Researchers have found that some people suffer from lung damage more than three months after being infected with COVID-19.
Unconventional scans were done on 10 participants at Oxford University. Xenon, a gas usually used in MRI scans, was used to detect lung damage and project images of the damage. Participants inhaled the gas during the scan to get accurate depictions of the state of their lungs by highlighting where air was not flowing with ease into their bloodstreams.
The participants were between the ages of 19 and 69. Professor Fergus Gleeson led the study.
The findings showed that eight of the participants showed chronic shortness of breath after they were infected. None of the participants had been admitted to intensive care; neither were they placed on ventilators.
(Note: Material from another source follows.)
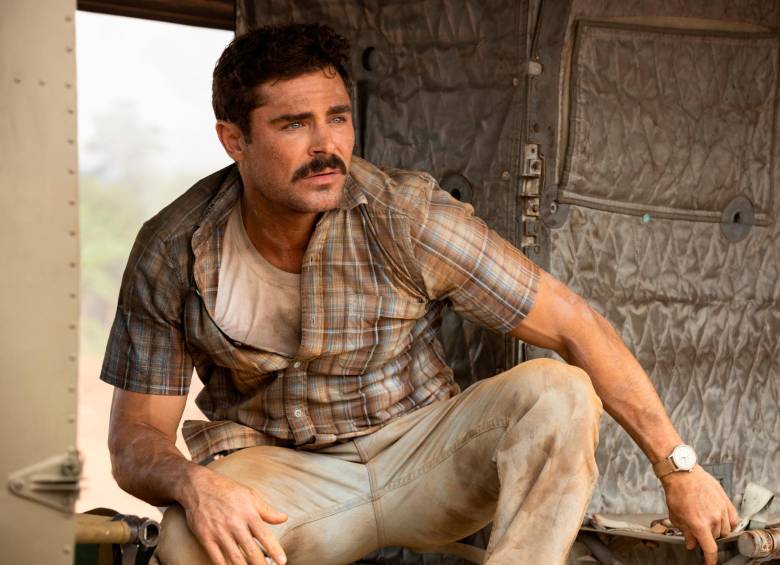 Zac Efron como Chickie Donohue, el hombre que sacrifica todo por llevarle cerveza a sus amigos en la guerra. FOTO cortesía apple tv+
Reports also say that other, more conventional scans did not pick up issues with their lungs.
After these findings, Gleeson intends to extend the study to 100 participants to verify the conclusions are valid for a larger group. Lung experts have also said the ability to detect long-term damage to a patient's lungs would make a significant difference to those patients who have had COVID-19.
Professor Gleeson told the BBC, "I was expecting some form of lung damage, but not to the degree that we have seen."
Dr Shelly Hayles, an Oxford GP, assisted in setting up the study. She says long-term damage and prolonged symptoms could occur in up to 10% of people who have had COVID-19.
She told the BBC, "We're now at more than one and a quarter million who have been infected - and 10% of that is a lot of people.
"When medical staff tell patients that they don't know what's wrong with them and they don't know how to sort the symptoms out, it's very stressful.
"With most patients, even if the news isn't great, they want the diagnosis."
There is a significant risk of severe illness and death for those over the age of 60. If the study finds lung damage appears even in younger age groups and those getting the virus but not necessarily needing hospital admission, "it would move the goalposts," according to Professor Gleeson.
Professor James Wild led the research group who developed this scanning technique at the University of Sheffield. He said, "In other fibrotic lung diseases we have shown the methods to be very sensitive to this impairment and we hope the work can help understand Covid-19 lung disease."
Many people have reported feeling unwell even after they have been cleared of the virus. It is Gleeson’s view that the study suggests long term lung damage may be the primary reason behind this.